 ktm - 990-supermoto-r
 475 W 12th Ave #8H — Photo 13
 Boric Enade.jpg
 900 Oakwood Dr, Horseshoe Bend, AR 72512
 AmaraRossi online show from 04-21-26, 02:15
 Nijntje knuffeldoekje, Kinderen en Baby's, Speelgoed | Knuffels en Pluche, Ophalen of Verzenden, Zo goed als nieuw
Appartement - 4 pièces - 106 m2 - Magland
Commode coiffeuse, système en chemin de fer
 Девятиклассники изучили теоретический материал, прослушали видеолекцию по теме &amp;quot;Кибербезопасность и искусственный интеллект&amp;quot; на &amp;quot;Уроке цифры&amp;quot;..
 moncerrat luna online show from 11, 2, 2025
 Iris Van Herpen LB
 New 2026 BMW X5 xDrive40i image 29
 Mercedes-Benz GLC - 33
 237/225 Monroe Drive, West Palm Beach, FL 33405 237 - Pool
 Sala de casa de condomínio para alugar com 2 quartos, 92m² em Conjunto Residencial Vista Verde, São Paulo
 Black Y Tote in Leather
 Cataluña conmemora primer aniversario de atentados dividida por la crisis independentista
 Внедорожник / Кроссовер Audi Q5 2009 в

**Work request:** Your task is to transcribe the listing in full, so that each line reads exactly as before.

**Task result:**
 ktm - 990-supermoto-r
 475 W 12th Ave #8H — Photo 13
 Boric Enade.jpg
 900 Oakwood Dr, Horseshoe Bend, AR 72512
 AmaraRossi online show from 04-21-26, 02:15
 Nijntje knuffeldoekje, Kinderen en Baby's, Speelgoed | Knuffels en Pluche, Ophalen of Verzenden, Zo goed als nieuw
Appartement - 4 pièces - 106 m2 - Magland
Commode coiffeuse, système en chemin de fer
 Девятиклассники изучили теоретический материал, прослушали видеолекцию по теме &amp;quot;Кибербезопасность и искусственный интеллект&amp;quot; на &amp;quot;Уроке цифры&amp;quot;..
 moncerrat luna online show from 11, 2, 2025
 Iris Van Herpen LB
 New 2026 BMW X5 xDrive40i image 29
 Mercedes-Benz GLC - 33
 237/225 Monroe Drive, West Palm Beach, FL 33405 237 - Pool
 Sala de casa de condomínio para alugar com 2 quartos, 92m² em Conjunto Residencial Vista Verde, São Paulo
 Black Y Tote in Leather
 Cataluña conmemora primer aniversario de atentados dividida por la crisis independentista
 Внедорожник / Кроссовер Audi Q5 2009 в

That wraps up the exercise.